┏━━

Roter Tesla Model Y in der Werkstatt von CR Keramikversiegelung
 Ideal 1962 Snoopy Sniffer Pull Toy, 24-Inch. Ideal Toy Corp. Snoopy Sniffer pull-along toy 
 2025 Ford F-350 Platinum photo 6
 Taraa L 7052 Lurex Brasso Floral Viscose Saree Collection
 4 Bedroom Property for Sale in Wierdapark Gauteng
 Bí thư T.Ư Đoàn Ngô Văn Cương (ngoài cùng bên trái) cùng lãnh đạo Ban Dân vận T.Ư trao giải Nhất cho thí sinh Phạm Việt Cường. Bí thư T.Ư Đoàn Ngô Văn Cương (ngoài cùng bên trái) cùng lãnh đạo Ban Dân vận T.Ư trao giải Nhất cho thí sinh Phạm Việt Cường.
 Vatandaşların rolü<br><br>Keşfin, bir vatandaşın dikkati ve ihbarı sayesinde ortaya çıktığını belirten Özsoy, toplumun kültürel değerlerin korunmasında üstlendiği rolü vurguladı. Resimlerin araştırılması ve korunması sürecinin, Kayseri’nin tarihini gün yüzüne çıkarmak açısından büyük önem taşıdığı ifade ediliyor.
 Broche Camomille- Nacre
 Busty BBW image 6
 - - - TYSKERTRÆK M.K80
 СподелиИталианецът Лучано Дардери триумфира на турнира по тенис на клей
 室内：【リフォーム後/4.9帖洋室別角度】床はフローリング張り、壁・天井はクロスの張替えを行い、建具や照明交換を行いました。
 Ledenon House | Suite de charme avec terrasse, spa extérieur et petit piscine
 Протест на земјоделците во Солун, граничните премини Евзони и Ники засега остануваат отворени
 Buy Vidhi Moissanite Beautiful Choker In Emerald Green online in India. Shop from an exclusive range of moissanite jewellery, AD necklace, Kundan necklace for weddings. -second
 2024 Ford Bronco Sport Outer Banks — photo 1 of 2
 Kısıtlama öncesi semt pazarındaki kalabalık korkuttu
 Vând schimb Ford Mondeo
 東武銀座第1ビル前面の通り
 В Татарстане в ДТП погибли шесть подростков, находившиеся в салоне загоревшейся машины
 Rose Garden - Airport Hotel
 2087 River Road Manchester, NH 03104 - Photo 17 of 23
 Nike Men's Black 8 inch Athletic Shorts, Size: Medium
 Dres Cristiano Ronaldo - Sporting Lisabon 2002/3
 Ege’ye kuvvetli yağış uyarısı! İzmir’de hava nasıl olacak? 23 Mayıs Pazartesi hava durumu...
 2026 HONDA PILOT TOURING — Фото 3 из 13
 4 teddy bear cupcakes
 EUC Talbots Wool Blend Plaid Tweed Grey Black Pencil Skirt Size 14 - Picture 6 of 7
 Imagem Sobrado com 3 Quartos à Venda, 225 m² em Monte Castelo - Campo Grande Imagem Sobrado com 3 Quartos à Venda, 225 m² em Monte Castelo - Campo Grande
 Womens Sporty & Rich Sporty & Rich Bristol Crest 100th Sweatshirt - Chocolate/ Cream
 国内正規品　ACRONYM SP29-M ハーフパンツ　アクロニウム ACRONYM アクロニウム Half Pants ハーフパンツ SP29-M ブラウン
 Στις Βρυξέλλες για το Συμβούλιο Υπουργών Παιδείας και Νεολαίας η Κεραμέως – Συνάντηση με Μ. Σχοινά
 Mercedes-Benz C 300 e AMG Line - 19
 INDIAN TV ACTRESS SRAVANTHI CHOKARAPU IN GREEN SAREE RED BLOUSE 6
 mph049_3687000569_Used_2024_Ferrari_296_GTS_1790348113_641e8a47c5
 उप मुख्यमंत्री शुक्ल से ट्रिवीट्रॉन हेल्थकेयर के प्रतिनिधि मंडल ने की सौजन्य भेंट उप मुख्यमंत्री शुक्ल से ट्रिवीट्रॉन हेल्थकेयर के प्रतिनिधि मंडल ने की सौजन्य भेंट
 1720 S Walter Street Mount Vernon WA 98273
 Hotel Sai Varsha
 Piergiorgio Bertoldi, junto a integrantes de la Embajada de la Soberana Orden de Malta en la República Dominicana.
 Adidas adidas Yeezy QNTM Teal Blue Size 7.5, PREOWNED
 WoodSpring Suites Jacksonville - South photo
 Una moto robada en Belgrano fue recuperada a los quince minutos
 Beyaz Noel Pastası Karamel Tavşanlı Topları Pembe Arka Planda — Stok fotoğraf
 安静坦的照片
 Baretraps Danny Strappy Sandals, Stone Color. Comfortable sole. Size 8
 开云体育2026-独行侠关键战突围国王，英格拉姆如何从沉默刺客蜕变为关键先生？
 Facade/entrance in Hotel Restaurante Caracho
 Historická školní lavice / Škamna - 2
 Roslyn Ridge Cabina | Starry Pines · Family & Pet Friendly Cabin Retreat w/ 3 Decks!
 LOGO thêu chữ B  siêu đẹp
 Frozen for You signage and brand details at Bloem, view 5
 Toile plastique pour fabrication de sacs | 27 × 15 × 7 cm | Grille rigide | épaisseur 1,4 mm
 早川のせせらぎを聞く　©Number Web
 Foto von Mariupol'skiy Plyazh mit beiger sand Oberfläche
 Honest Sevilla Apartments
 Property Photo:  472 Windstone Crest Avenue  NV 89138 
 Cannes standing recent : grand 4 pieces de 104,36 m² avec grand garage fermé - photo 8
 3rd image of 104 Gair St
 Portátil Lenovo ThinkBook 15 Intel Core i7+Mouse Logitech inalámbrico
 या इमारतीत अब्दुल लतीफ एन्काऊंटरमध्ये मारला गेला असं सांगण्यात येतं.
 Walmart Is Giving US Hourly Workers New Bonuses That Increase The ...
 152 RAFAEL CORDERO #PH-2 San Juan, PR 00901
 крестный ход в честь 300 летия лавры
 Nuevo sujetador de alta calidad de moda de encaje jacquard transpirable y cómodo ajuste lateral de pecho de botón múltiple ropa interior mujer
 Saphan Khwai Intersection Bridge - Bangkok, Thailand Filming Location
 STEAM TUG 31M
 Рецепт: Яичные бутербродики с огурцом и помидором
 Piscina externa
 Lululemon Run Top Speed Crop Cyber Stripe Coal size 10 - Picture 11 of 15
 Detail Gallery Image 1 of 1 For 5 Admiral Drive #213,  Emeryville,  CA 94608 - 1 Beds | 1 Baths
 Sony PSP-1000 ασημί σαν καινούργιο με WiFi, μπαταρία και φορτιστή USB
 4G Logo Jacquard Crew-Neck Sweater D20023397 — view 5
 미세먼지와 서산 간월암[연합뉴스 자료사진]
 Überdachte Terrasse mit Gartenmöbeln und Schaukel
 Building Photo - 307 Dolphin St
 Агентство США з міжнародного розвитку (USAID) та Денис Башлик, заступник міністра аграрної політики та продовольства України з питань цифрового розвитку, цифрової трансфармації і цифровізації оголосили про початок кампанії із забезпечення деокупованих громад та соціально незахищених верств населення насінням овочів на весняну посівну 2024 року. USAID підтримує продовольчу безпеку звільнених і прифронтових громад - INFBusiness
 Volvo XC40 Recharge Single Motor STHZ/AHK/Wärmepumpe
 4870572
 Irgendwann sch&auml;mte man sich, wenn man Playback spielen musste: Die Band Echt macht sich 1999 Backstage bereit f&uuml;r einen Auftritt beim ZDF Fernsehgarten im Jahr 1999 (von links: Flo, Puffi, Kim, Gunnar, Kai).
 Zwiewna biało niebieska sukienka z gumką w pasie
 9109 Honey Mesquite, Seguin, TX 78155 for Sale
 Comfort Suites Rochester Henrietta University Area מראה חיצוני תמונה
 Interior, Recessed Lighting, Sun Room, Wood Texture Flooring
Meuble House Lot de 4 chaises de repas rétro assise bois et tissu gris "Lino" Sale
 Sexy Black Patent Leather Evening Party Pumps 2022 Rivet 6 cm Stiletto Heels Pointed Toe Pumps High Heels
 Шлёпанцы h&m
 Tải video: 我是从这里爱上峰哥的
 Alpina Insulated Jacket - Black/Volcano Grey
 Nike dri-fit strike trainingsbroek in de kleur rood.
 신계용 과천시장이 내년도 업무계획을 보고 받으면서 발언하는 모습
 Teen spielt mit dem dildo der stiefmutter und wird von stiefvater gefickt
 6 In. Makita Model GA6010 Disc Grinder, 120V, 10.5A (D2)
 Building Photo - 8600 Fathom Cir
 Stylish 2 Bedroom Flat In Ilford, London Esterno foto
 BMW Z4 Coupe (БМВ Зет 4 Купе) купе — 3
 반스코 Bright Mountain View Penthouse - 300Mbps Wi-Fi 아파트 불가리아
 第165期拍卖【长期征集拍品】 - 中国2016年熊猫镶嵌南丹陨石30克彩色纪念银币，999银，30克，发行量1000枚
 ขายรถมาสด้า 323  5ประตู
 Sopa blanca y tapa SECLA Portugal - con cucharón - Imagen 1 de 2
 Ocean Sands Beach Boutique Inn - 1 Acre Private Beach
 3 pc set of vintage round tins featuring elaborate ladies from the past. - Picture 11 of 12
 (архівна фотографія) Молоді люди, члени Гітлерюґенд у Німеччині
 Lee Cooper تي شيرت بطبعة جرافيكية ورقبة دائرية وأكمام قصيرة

┗━━

REQUIRED WORK => From the records above, pick out and copy each line holding the word "Bedroom".

EXERCISE RESPONSE =>
 4 Bedroom Property for Sale in Wierdapark Gauteng
 Stylish 2 Bedroom Flat In Ilford, London Esterno foto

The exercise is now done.